*Task requirements*. Write out exactly the lines of the entries below, from the first through the line containing "Tire 2025 2024", and nothing beyond them.
════════════════
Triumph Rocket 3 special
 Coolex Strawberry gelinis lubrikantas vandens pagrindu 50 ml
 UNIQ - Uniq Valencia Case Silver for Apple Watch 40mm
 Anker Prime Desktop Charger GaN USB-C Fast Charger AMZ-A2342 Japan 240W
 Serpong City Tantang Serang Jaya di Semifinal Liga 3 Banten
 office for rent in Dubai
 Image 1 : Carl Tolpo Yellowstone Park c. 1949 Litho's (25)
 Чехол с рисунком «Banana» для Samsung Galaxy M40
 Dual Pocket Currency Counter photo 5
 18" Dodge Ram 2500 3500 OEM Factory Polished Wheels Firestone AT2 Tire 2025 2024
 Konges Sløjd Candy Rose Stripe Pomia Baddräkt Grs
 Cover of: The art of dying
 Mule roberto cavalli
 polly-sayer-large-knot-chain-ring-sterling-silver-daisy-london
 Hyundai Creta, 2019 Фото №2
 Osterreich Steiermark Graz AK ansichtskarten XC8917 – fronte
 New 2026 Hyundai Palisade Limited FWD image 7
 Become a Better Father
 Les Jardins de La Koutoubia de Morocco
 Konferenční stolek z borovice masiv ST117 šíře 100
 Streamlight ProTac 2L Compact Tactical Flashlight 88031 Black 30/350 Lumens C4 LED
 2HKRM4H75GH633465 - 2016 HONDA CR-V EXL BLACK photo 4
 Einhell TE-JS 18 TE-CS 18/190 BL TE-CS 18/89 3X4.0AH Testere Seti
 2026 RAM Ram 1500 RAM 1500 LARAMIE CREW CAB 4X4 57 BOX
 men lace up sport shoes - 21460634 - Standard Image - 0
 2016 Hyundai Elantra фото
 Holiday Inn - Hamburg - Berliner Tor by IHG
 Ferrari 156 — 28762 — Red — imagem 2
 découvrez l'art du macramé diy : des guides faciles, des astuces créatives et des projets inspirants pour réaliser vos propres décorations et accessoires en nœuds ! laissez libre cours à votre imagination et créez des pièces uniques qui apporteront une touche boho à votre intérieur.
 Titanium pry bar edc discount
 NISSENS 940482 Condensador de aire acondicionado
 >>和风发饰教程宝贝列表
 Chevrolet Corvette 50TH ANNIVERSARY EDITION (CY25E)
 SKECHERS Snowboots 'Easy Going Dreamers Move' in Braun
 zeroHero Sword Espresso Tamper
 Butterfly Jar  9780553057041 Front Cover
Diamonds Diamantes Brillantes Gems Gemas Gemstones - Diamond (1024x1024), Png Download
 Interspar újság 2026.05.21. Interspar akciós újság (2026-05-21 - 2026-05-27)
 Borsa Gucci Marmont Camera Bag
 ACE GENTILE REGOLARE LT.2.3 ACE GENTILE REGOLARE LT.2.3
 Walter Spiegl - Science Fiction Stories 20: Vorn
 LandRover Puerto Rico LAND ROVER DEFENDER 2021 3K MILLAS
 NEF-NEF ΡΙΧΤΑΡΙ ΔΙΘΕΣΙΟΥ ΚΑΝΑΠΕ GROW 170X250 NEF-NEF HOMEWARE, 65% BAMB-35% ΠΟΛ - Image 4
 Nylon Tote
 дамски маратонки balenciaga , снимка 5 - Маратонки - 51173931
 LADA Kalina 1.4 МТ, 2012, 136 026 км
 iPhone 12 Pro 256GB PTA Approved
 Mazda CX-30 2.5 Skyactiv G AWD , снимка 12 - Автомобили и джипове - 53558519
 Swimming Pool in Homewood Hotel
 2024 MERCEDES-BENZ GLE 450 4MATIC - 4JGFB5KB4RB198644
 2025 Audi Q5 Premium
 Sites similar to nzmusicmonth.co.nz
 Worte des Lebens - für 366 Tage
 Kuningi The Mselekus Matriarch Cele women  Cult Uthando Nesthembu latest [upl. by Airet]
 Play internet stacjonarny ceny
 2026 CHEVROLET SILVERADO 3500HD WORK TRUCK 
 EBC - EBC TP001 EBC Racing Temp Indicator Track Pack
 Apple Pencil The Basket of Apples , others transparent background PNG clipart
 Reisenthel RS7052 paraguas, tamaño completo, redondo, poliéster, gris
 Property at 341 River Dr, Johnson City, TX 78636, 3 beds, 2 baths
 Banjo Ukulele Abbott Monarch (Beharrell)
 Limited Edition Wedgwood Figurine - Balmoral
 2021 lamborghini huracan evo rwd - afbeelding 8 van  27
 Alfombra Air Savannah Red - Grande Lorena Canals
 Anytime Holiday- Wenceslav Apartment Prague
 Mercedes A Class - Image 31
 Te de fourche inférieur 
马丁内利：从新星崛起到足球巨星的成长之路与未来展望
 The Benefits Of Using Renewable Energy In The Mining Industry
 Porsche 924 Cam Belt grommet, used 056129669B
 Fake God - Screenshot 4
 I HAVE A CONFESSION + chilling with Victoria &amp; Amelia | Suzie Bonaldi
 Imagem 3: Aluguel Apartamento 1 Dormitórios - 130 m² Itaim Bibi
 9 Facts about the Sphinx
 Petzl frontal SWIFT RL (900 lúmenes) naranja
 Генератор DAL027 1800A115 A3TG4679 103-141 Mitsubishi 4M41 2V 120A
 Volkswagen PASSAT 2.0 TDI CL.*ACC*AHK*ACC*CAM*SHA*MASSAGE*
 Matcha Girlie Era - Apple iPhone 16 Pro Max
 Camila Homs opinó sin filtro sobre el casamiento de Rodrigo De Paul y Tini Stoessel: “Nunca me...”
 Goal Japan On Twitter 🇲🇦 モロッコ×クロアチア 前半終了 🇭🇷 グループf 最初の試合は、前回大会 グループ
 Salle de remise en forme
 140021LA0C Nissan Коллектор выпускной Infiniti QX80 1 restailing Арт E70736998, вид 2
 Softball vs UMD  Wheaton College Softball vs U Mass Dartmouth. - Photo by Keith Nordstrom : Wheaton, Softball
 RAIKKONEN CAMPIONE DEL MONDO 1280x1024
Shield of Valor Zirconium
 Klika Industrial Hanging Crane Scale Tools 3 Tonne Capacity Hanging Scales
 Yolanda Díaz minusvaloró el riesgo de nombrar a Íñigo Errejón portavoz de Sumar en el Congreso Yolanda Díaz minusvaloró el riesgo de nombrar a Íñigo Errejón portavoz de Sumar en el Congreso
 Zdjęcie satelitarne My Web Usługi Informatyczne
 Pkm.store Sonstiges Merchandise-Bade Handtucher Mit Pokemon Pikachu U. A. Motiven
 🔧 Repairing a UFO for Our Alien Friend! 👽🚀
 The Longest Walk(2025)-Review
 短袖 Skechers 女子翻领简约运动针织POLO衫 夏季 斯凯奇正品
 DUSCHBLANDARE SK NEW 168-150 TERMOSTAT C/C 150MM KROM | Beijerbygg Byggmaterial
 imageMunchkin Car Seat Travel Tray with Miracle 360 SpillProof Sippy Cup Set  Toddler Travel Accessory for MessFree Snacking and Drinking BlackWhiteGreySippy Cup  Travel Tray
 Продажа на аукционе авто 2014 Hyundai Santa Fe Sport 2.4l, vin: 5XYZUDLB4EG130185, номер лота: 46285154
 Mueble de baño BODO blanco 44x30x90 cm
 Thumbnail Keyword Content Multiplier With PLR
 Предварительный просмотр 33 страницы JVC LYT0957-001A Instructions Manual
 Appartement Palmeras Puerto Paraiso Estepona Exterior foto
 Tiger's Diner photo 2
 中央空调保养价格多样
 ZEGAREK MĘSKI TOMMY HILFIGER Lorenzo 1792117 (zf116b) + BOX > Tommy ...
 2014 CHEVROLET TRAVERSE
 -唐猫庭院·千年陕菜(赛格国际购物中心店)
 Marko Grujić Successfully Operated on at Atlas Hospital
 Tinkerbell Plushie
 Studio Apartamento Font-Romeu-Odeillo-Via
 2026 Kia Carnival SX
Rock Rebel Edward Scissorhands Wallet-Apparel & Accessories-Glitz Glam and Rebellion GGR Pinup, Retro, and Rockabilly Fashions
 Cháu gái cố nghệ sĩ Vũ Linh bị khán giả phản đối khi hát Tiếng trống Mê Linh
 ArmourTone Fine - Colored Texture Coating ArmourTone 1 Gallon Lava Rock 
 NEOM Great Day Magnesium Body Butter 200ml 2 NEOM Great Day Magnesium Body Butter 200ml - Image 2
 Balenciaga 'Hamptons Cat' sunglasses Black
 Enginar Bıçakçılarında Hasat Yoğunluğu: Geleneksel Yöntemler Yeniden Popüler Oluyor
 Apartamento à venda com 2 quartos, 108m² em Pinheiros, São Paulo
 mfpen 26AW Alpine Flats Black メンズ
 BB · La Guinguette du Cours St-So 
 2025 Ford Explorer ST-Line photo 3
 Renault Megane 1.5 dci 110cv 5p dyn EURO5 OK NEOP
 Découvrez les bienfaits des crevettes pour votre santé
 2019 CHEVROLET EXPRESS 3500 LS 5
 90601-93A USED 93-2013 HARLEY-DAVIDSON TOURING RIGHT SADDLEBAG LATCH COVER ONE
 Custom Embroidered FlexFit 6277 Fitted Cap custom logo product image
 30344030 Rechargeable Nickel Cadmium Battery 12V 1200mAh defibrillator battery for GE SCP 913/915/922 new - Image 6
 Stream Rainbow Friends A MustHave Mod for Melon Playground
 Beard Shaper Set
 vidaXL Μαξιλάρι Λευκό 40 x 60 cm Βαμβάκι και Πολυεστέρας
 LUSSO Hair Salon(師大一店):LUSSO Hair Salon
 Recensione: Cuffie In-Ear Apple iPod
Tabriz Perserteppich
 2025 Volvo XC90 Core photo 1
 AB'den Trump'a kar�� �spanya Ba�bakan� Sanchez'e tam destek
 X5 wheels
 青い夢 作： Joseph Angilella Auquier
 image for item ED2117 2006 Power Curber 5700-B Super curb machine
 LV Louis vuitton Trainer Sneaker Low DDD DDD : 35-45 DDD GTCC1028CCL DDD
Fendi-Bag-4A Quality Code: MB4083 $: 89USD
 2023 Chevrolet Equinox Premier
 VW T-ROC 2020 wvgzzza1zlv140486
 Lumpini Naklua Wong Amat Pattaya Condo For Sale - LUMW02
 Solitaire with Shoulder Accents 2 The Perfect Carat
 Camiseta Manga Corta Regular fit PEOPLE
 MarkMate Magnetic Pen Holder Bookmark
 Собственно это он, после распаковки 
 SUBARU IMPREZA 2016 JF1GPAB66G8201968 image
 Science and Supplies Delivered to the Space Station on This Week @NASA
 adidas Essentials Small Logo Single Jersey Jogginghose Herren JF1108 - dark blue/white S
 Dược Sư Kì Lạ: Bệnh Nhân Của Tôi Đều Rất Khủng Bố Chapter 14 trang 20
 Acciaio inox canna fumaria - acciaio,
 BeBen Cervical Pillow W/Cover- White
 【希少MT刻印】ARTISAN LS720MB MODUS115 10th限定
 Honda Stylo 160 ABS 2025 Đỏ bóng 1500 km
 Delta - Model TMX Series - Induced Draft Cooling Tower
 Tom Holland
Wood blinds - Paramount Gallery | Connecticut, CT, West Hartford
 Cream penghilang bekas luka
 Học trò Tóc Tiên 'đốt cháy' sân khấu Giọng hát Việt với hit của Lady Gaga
════════════════
*Solution to this task*.
Triumph Rocket 3 special
 Coolex Strawberry gelinis lubrikantas vandens pagrindu 50 ml
 UNIQ - Uniq Valencia Case Silver for Apple Watch 40mm
 Anker Prime Desktop Charger GaN USB-C Fast Charger AMZ-A2342 Japan 240W
 Serpong City Tantang Serang Jaya di Semifinal Liga 3 Banten
 office for rent in Dubai
 Image 1 : Carl Tolpo Yellowstone Park c. 1949 Litho's (25)
 Чехол с рисунком «Banana» для Samsung Galaxy M40
 Dual Pocket Currency Counter photo 5
 18" Dodge Ram 2500 3500 OEM Factory Polished Wheels Firestone AT2 Tire 2025 2024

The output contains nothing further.